** INFORMATION PROVIDED **
=====
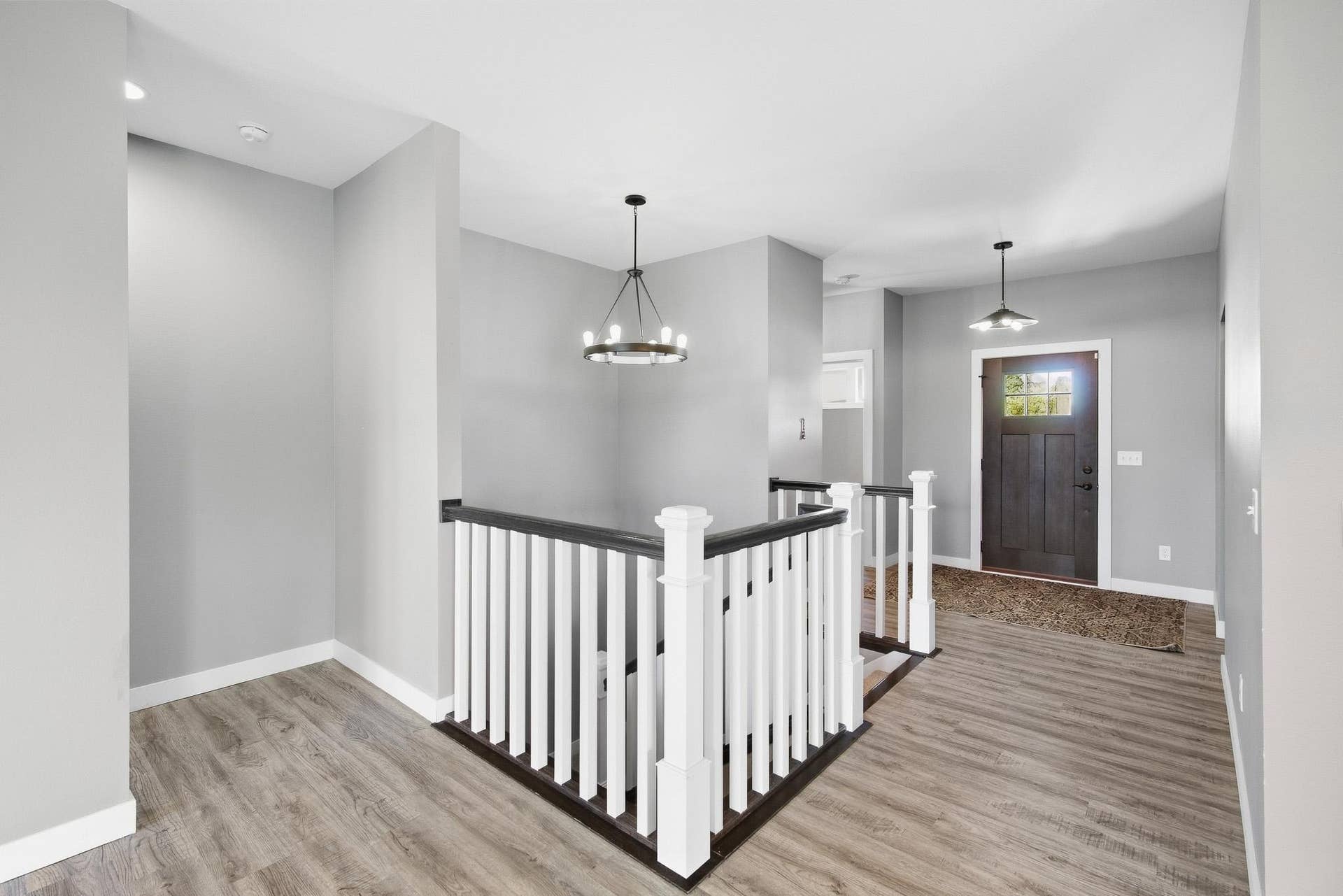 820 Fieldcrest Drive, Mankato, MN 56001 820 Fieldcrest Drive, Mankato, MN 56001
=====
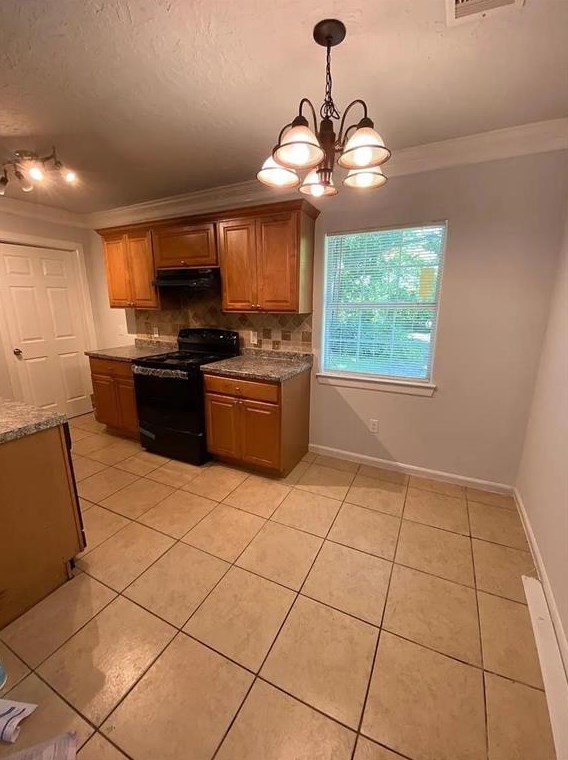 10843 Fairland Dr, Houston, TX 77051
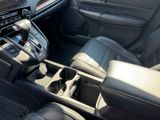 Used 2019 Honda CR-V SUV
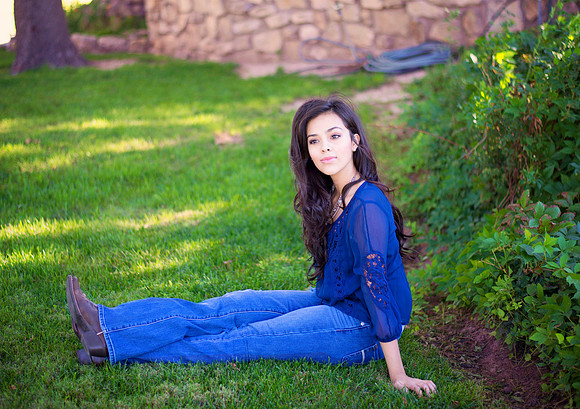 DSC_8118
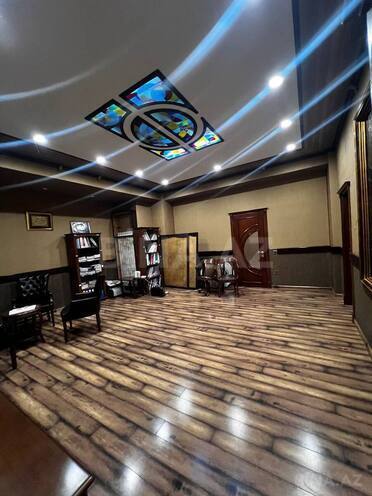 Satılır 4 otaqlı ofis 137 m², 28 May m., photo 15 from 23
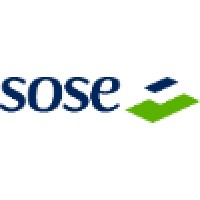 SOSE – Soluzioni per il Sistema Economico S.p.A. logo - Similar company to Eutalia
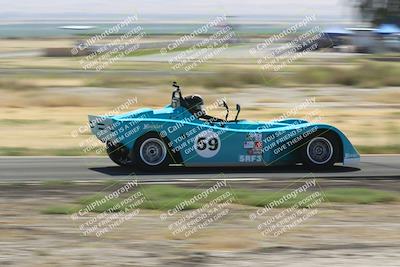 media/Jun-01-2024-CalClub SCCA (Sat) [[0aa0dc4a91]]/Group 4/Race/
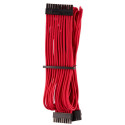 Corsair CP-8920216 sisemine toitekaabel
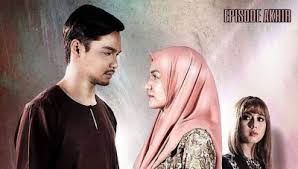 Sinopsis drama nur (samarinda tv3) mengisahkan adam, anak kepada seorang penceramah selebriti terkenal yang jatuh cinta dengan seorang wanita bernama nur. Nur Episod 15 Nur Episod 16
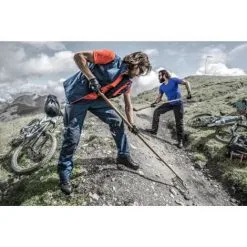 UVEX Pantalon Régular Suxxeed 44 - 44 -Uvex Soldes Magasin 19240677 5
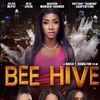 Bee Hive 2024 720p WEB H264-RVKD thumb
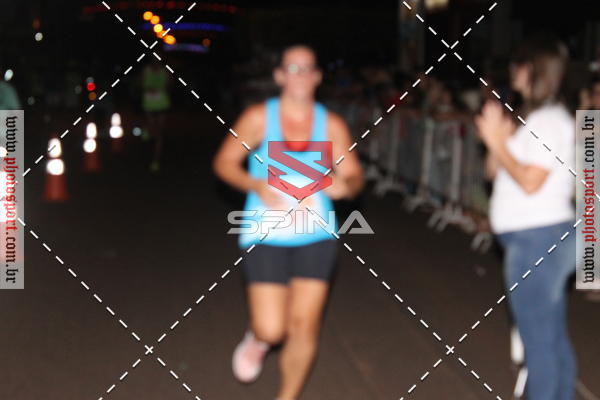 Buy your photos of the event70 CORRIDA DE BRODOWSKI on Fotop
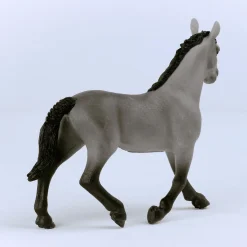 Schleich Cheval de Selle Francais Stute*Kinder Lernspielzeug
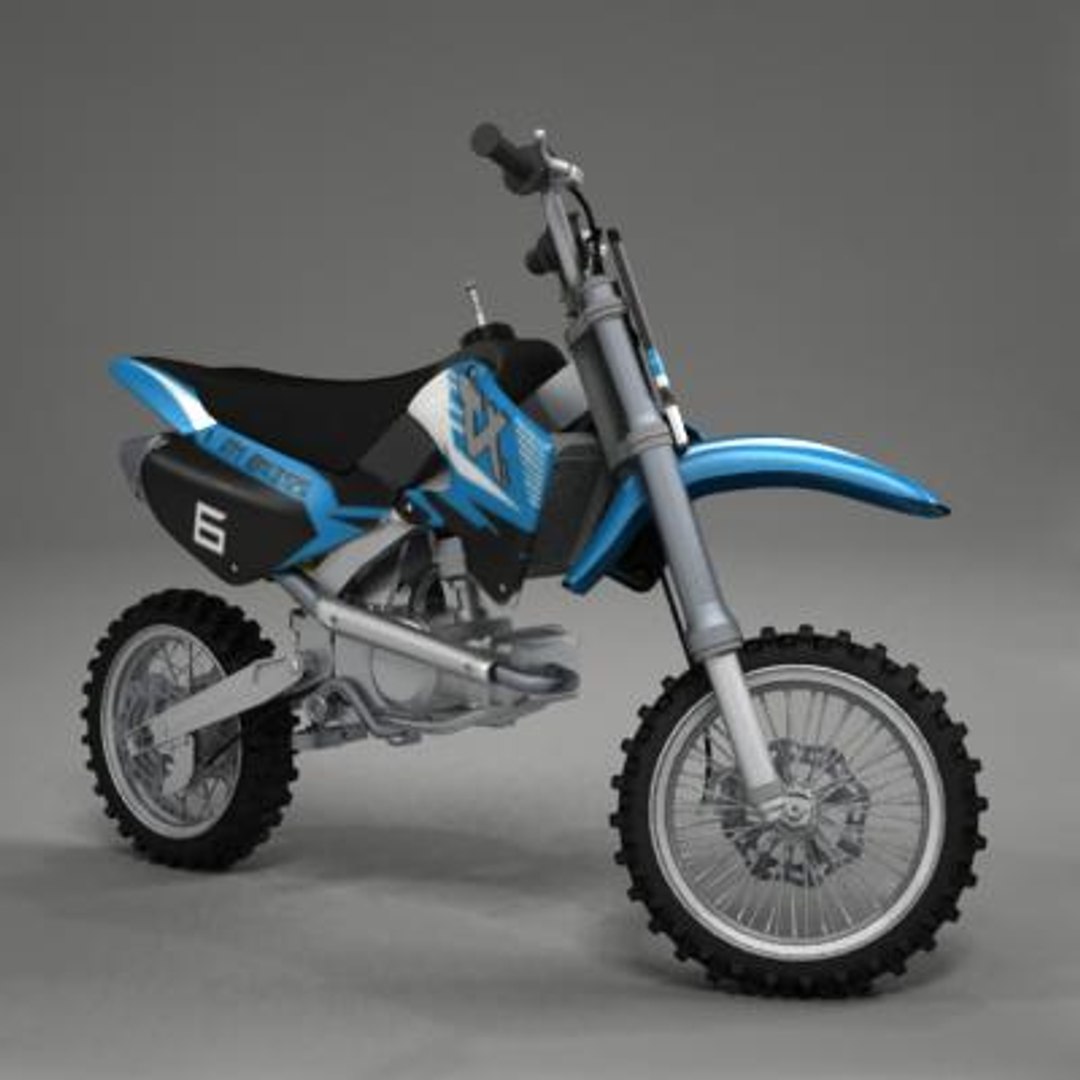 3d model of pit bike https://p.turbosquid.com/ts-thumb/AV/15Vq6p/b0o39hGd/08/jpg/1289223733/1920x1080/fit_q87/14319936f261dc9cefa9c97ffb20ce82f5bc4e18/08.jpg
=====
What's needed is an exact copy of the lines above from the one with "Bee Hive 2024 720p WEB H264-RVKD thumb" through the one with "3d model of", both included; the pictures stay out.

** TASK SOLUTION **
 Bee Hive 2024 720p WEB H264-RVKD thumb
 Buy your photos of the event70 CORRIDA DE BRODOWSKI on Fotop
 Schleich Cheval de Selle Francais Stute*Kinder Lernspielzeug
 3d model of pit bike https://p.turbosquid.com/ts-thumb/AV/15Vq6p/b0o39hGd/08/jpg/1289223733/1920x1080/fit_q87/14319936f261dc9cefa9c97ffb20ce82f5bc4e18/08.jpg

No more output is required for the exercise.